Die Kritiker

«Tatort - Das fleißige Lieschen»

von   |  1 Kommentar

Ein neues Team beweist sich im neuen «Tatort - Das fleißige Lieschen» aus Saarbrücken in einem stimmungsvoll-ruhigen Krimidrama mit erzählerisch bemerkenswerten Ausmaßen.

Hinter den Kulissen

  • Regie: Christian Theede
  • Drehbuch: Hendrik Hölzemann
  • Cast: Vladimir Burlakov, Daniel Sträßer, Brigitte Urhausen, Ines Marie Westernströer, Anna Böttcher, Dieter Schaad
  • Produktion: Martin Hofmann
  • Kamera: Simon Schmejkal
  • Musik: Dominik Giesriegl
  • Schnitt: Martin Rahner
Adam Schürk (Daniel Sträßer) und Leo Hölzer (Vladimir Burlokov) kennen sich aus Kindertagen und haben sich seit über 15 Jahren nicht mehr gesehen. Fortan sollen beide gemeinsam Morde und Verbrechen aufdecken. In ihrem ersten Fall wurde der jüngere von zwei Brüdern ermordet, der in naher Zukunft ein Familienunternehmen übernehmen sollte. Schnell wird klar, dass die Hintergründe, die zum Mord führten, weit in die Vergangenheit zurückreichen. Bereits der Vater der beiden Brüder ist unter mysteriösen Umständen ums Leben gekommen. Während des Zweiten Weltkrieges beschäftigte die Firma – wie so viele damals – Zwangsarbeiter. Liegen hier die Ursachen für die aktuellen Ereignisse? Schnell kämpfen die Kommissare an zwei Fronten: Zum einen, der ihrer eigenen Vergangenheit, die es in sich hat. Und zum anderen der der einflussreichen Saarbrücker Familie. Beide haben konträre Ansichten darüber, wie man sich dem Fall nähern sollte…
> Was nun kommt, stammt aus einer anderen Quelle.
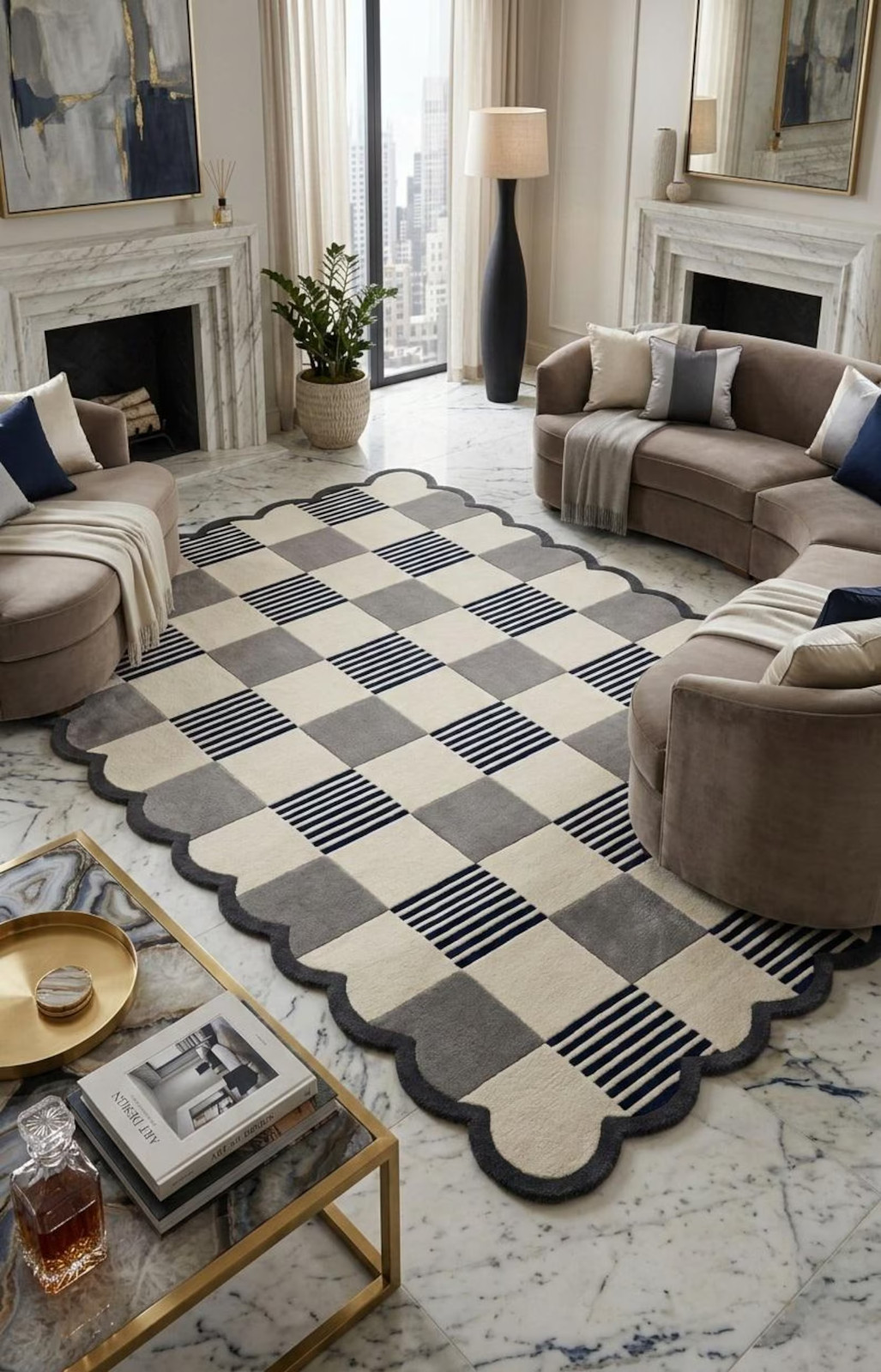 Hand-Tufted Wool Rug – Scalloped Edge Checkered Black & White Area Carpet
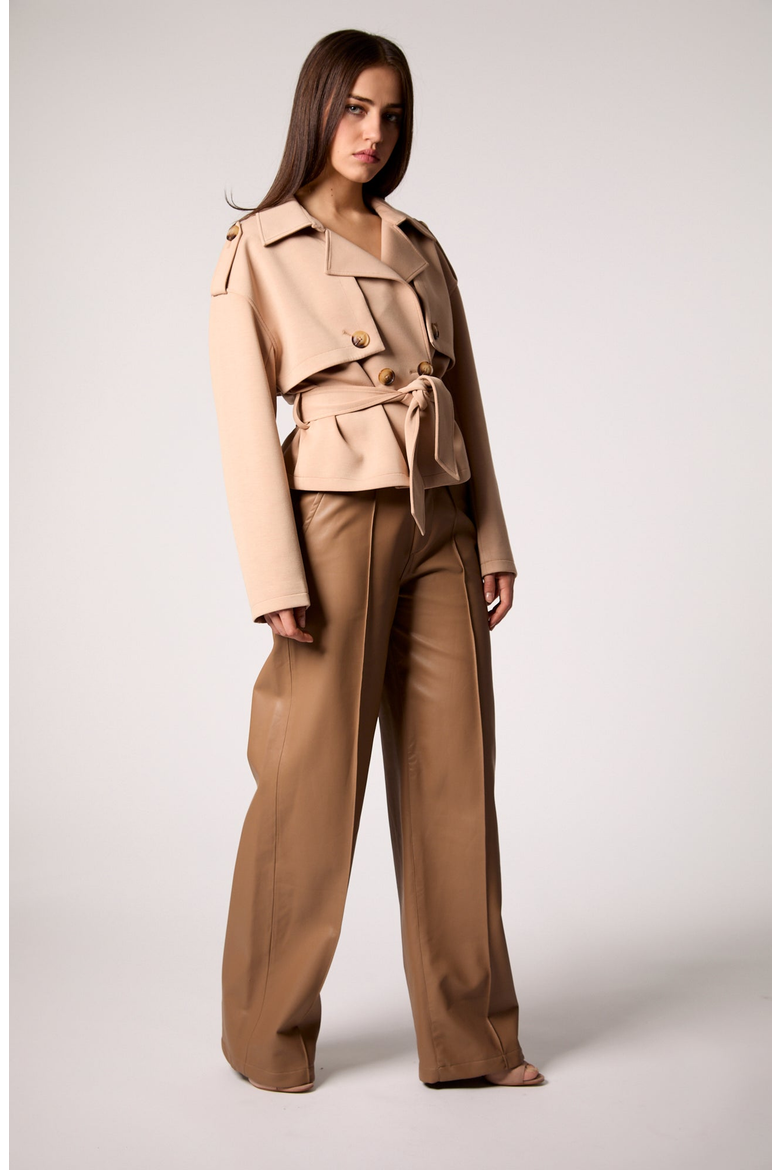 Charli Cropped Scuba Trench Coat, Alternate, color, Camel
Feuerprobe für das neue «Tatort»-Ermittlerteam aus Saarbrücken: Adam und Leo, zwei Kommissare mit dunkler, gemeinsamer Vergangenheit, sollen fortan in regelmäßigen Abständen das riesige Arsenal bereits bestehender Teams um ihre eigenen Fälle ergänzen. Es ist das bisher jüngste, bestehend aus Daniel Sträßer («Exil»), Jahrgang 1987, und Vladimir Burlakov («Iron Sky: The Coming Race»), ebenfalls Jahrgang 1987 und darstellerisch ambitionierteste. Die Einführung der Schürk-Hölzer-Combo gerät bemerkenswert persönlich. Die beiden Männer kennen sich seit Kindertagen, haben sich allerdings durch einen privaten Vorfall aus den Augen verloren. Worin genau die Spannungen zwischen den sich eigentlich sehr wohlgesonnenen Freunden bestehen, damit rückt Drehbuchautor Hendrik Hölzemann («Gleißendes Glück») nicht sofort heraus. Er wirft dem Publikum Brotkrumen hin, die neugierig machen. Neugierig auf die nächste «Tatort»-Episode aus Saarbrücken; kein schlechtes Omen für einen Neueinstieg.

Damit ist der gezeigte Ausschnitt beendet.